A "spike" in the number of puppies testing positive for an often fatal, yet preventable, virus has prompted Lee County Domestic Animal Services to warn pet owners they need to vaccinate their pets.

The parvo virus again reared its ugly head this week when puppies were brought to Animal Services for veterinary care.

The pups had to be euthanized, as the highly contagious illness causes "extreme pain and suffering," and many affected die even with treatment or are left with lifetime health issues.

The virus multiplies rapidly in the animal's body, overwhelming the immune system and wreaking havoc within the intestinal tract.

According to the release from Animal Services, the "Parvo virus is spread from dog to dog by direct or indirect contact with their feces, or passed along to puppies from unvaccinated nursing mothers.

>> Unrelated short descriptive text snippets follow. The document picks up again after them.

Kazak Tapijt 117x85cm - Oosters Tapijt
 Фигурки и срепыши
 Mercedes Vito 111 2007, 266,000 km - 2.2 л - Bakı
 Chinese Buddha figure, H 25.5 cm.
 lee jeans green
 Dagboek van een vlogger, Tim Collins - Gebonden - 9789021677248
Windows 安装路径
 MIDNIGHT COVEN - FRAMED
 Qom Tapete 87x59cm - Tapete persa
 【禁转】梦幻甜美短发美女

Common signs include severe vomiting, diarrhea and lethargy. The virus can live in organic matter, such as soil, and on other hard surfaces within the household for over a year."

Parvo, like a number of other animal ailments, can be prevented by inoculation.

The ASPCA recommends a "5-in-1," shot to protect against not only the parvo virus but distemper, hepatitis, leptospirosis and parainfluenza as well.

"Generally, the first vaccine is given at 6-8 weeks of age and a booster is given at four-week intervals until the puppy is 16-20 weeks of age, and then again at one year of age," an info sheet provided on the ASPCA Web site states.

That's good advice for dog lovers.

And with spring in the air, it's also a good time for a reminder that both dogs and cats need to be vaccinated against rabies, which, while rare, is always fatal.

Here in Lee, the Health Department usually sees two to three cases per year, mostly in wild animals.

Finally, while at the vet protecting your pet or pets from illness and disease, consider getting Fido or Fluffy micro-chipped at the same time. Even inside pets can scoot out the door or escape the yard and "chipping" is the best way to see they find their way back home.